En una carta pública firmada por los más destacados miembros del movimiento, los jóvenes surrealistas, a la cabeza de los cuales estaba Breton, cuya homofobia no era menor que la de Claudel, se le acusaba de canalla, defensor de los más oscuros intereses y una muestra de que no era posible ser embajador de Francia y poeta. Claudel, como era de esperar, encontró numerosos admiradores y críticos favorables entre los sectores menos sectarios de la literatura europea, aunque no precisamente los grandes ideólogos de la dictadura moderna, casi siempre obedientes a los mandamientos de Moscú.

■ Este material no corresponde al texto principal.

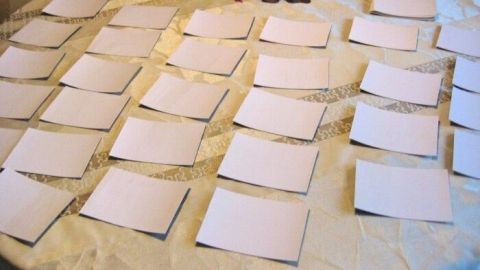 Auf einem Tisch liegen viele leere Karten, die bereit sind, für ein selbstgemachtes Familien-Memory beschriftet zu werden.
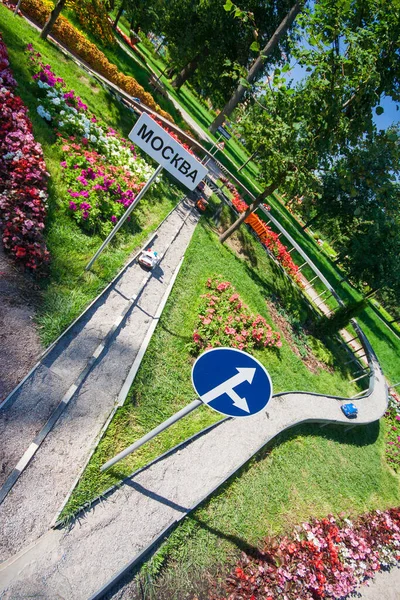 Bloementuin in de vorm van een wegsplitsing in het park — Stockfoto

Claudel, quien nació en 1868, a finales del XX conoció repentina notoriedad por ser el “hermano malo” (y en realidad lo fue) de Camille Claudel, heroína del popular film de Bruno Nuytten. No obstante, solo su carrera diplomática es digna de una biografía en varios tomos, como lo reconoció la revista Time en una de sus codiciadas portadas. Cónsul en Nueva York a los 25, llego a China, en su primera viaje, dos años después. Al Lejano Oriente volvería en varias ocasiones, hasta ser nombrado embajador en Japón. A partir de estas experiencias escribió una de sus colecciones más permanentes, Connaisance de l’est, prosas poéticas sobre aquellos países cuya sintaxis habría de definir el futuro desarrollo del poema en prosa francés.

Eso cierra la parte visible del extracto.